Neden yalnızca gece diş sıkıyoruz ?
Bilinenin tersine gündüzde hasta diş sıkabilir. Kişi bunun farkına vararak önlemesi gerekmektedir.
Sabahları baş ve boyun ağrısı ile kalkıyorum olağan mi ?
Baş ve boyun ağrısı bir çok farklı sebebe bağlı olsa da bilhassa ağrının sabah olması bize diş sıkma hastalığını düşündürür.
Diş sıkma ve gıcırdatmanın tedavisi nedir ?
Hastadan alınan ölçülere nazaran kişinin bruksizm şiddetine nazaran özel kalınlıklarda gece plakları yapılmaktadır. Bunun yanında kimi fizikî terapiler anlatılmakta, kaslarda spazm var ise medikasyon uygulanmaktadır. Gerektiğinde kaslardaki enflamasyonun çözülmesi için lazer tedavisi uygulanmaktadır.

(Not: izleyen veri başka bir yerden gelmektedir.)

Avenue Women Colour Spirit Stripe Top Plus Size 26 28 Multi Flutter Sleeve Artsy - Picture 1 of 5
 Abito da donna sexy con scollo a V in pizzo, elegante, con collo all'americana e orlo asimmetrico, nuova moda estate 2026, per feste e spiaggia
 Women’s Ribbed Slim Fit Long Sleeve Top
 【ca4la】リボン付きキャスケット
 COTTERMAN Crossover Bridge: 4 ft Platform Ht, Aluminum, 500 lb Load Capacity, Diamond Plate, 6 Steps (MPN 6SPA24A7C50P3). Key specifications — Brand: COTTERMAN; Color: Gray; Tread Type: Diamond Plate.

Çenemi fazla açamıyorum ve ağrım var çenem çıkmış olabilir mi?
Çeneyi açamamak ve ağrı olması bize çene çıkmasını değil, kapalı kilitlenme hastalığını tanım eder. Ayrıntılı muayene edip ağzı açamama şikayeti kassal mı, eklemsel mi teşhis edip ona yönelik tedavi yapılmaktadır.
Çene eklemi hastalıklarının tedavisinde ne kullanılır ?
Çene eklemi tedavisinde okluzal splint yapılmaktadır. Hastaya uzun bir yapması gereken ve yapmaması gerekenler listesi verilmektedir.
Eklem hastalığım ne vakit düzgünleşir ve ne vakit denetime gelmeliyim?
Genelde okluzal splint kullanılmaya başlandıktan bir – iki hafta sonra denetime çağırılmakta, daha sonra 3. Ay çağırılmaktadır. Eklem hastalıklarında hastalığın şiddetine nazaran büsbütün bir düzgünleşme görülmeyebiliyor. Burada hedeflenen hastanın günlük yaşantısına rahatsızlık duymadan geçiş yapmasıdır.